Machine Learning Platform for AI provides Natural Language Processing (NLP) models such as BERT-based text vectorization.

NLP is a sub-branch of Artificial Intelligence (AI) and linguistics. You can use NLP to extract information of natural language texts. NLP applies to the following scenarios:
  • Text classification: news labeling, sentiment analytics, spam email identification, and classification of commodity reviews.
  • Text matching: Q&A matching, similarity matching for sentences, natural language inferences, and conversation retrieval.
  • Sequence labeling: NER and sentiment word extraction.
  • Feature extraction: The extracted features can be used to process texts or applied to other fields, such as computer vision.
Model Hub of Machine Learning Platform for AI allows you to deploy the preceding services. It also provides the BERT-based feature extraction model.
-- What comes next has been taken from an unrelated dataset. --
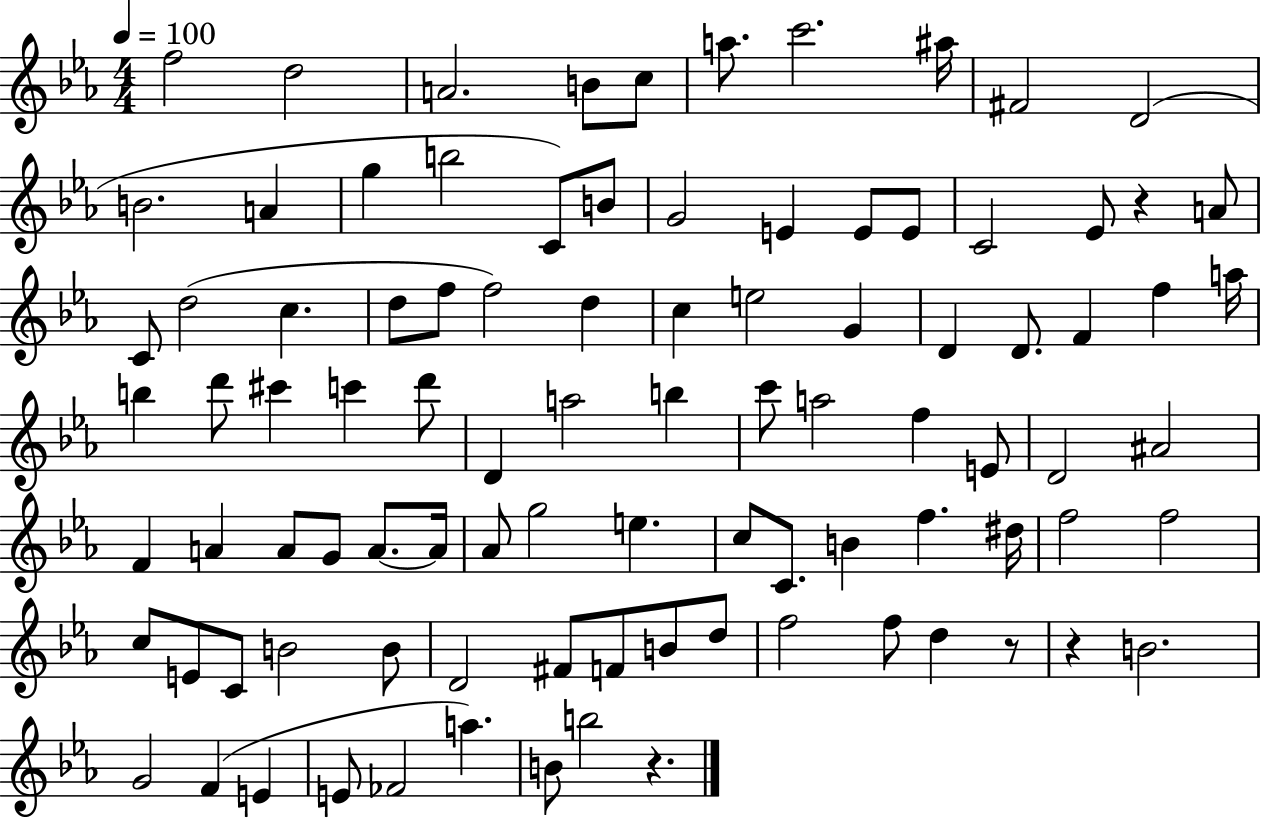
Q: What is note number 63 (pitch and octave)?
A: C4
BERT-based text vectorization model

  • Overview
    You can fine-tune the trained model that uses BERT. The vectors generated by BERT show great value. When you use BERT for feature extraction, you can enter a text sequence. Then, a vector sequence is returned. After the CLS vector is processed in the Dense layer, the generated vector can be used as the vector of the whole sentence.Feature extractionWhen you input a sentence, characters in the sentence are automatically vectorized and displayed in the Subtoken format: [CLS, tok1, tok2, ..., tokN, SEP]. The following vector types can be returned:
    • pool_output: The vectors of the encoded sentence. The vectors correspond to C' in the figure.
    • first_token_output: The vectors correspond to C in the figure.
    • all_hidden_outputs: The vectors correspond to [C, T1, T2, ..., TN, TSEP] in the figure.
  • Input format
    The input data must be in the JSON format. It contains the following fields:
    • first_sequence: The value of the field is the first text string.
    • second_sequence: The value of the field is the second text string. The value can be empty.
    • sequence_length: the length of the text strings, which cannot exceed 512.
    • output_schema: the vector types to be returned. If you select more than one vector types, separate them with commas (,). Available options arepool_output, first_token_output, and all_hidden_outputs.
    {
        "first_sequence": "the first text string",
        "second_sequence": "the second text string that can be empty",
        "sequence_length": 128
        "output_schema": "returned vectors types"
    }
  • Output format
    The output format is JSON. The output data contains the following fields.
    Field Description Shape Type
    pool_output The 768-dimensional vectors that are separated with commas (,). The vectors represent the encoded sentence and correspond to C' in the figure. [] STRING
    first_token_output The 768-dimensional vectors that are separated with commas (,). The vectors correspond to C in the figure. [] STRING
    all_hidden_outputs The 768-dimensional vectors of the sequence_length type. The vectors are separated with commas (,) and the sequences are separated with semicolons (;). The vectors correspond to [C, T1, T2, ..., TN, TSEP] in the figure. [] STRING
  • Test data
    # Input.
    {
        "first_sequence": "How can I increase the credit limit of Ant Credit Pay to be used in Double 11?",
        "second_sequence": "",
        "sequence_length": 128,
        "output_schema": "pool_output,first_token_output,all_hidden_outputs"
    }
    
    # Output.
    {
        "pool_output": "0.999340713024,...,0.836870908737",
        "first_token_output": "0.789340713024,...,0.536870908737",
        "all_hidden_outputs": "0.999340713024,...,0.836870908737;... ;0.899340713024,...,0.936870908737"
    }